Clearly nothing fundamental has changed today – the scene of imperial killing fields simply moved to the Middle East for a while and it is scheduled to shift back to East Asia with Japan as US cat’s paw this time. If the bloodthirsty Hillary becomes president, then Vietnam and Iraq are likely to look like a child’s playground by comparison with the damage to be inflicted and lives lost in her pivot to East Asia.
Perhaps we should learn that it is time to move past opposition to simply one war or another and recognize the evil of Empire. Mark Twain and Andrew Carnegie had it right when they joined other founders of the Anti-Imperialist League to oppose the US war on the Philippines. Antiwar is no longer enough. Where is our Anti-Imperialist League for the 21st Century?
Notes on the New York Times coverage of Dr. Tu
The science section of the NYT is fairly objective, providing legitimacy for a newspaper that is truth challenged and spin crazed in its international news and political coverage. But even in the science coverage the NYT cannot resist a few swipes at official enemies like China.
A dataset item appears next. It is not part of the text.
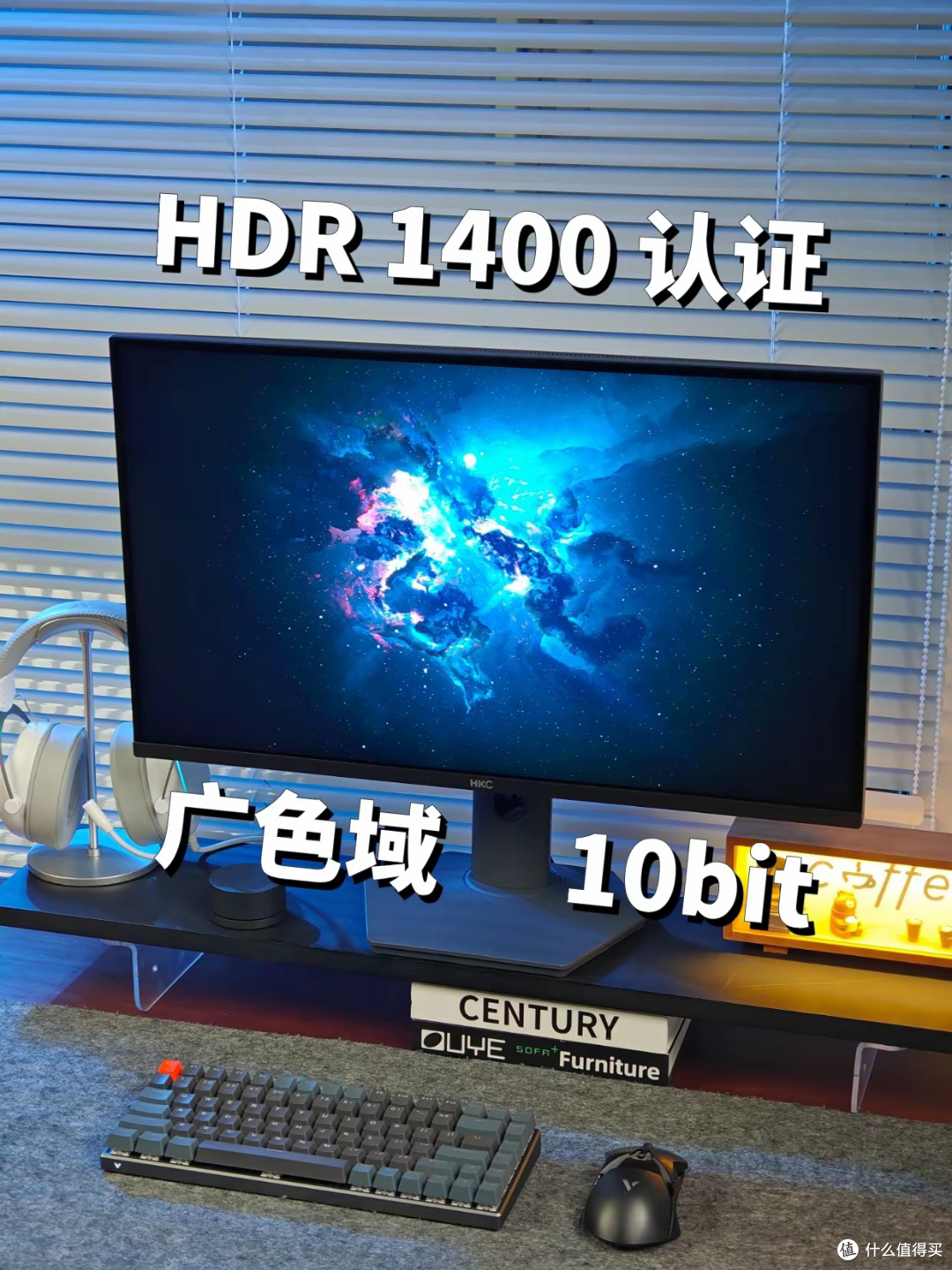 电竞好屏就选HKC,一块双模显示器搞定游戏+办公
For example, when the Times reports the achievements of Dr. Tu, it notes:
But Dr. Tu had been denied a place as an academician in China’s highest honorary body for scientists, apparently because of her lack of foreign training and a doctoral degree, other commentators noted.
Perhaps that is true and perhaps not, but this situation is not unique to China. In the U.S. the National Academy of Sciences has failed to elect outstanding scientists as members — and then it scrambles to admit them when they surprise the establishment and win the Nobel. I have known two such Nobel Laureates personally who were admitted “late” and very quickly to the National Academy.
And then there is this in the same NYT piece:
She said she was “very lucky” to go to university as a woman, according to a blog post by Songshuhui, a nongovernmental organization focused on writing about science.
But here we are left without historical context. Dr. Tu was born in 1930 and she was old enough to go to University before Liberation in 1949. In those pre-Liberation days women had few rights and were second class citizens to say the least. Then with Liberation and Mao’s declaration that women “hold up half the sky,” women’s status advanced by a giant step in just a few years time. But, of course, there can be no acknowledgment of any achievement of the Chinese Communist Party in America’s paper of record.
Finally, there are two great reasons why the U.S. has so much more than its share of Laureates. First the US has great wealth – although where that wealth came from goes beyond our purpose here. It takes money and a lot of it to do most science. The U.S. has that wealth. Second we scientists go where the money is so that we can do our work, which is number one for us. Hence, foreign scientists come to the U.S. if they can. All too many U.S. laureates were educated in other countries and are products of other educational systems and cultures. The U.S. essentially bought these investigators.
Of course, such distortion by the NYT is just a jot compared to the whoppers penned almost on a daily basis by the likes of Michael R. Gordon and his partners in crime on the front pages.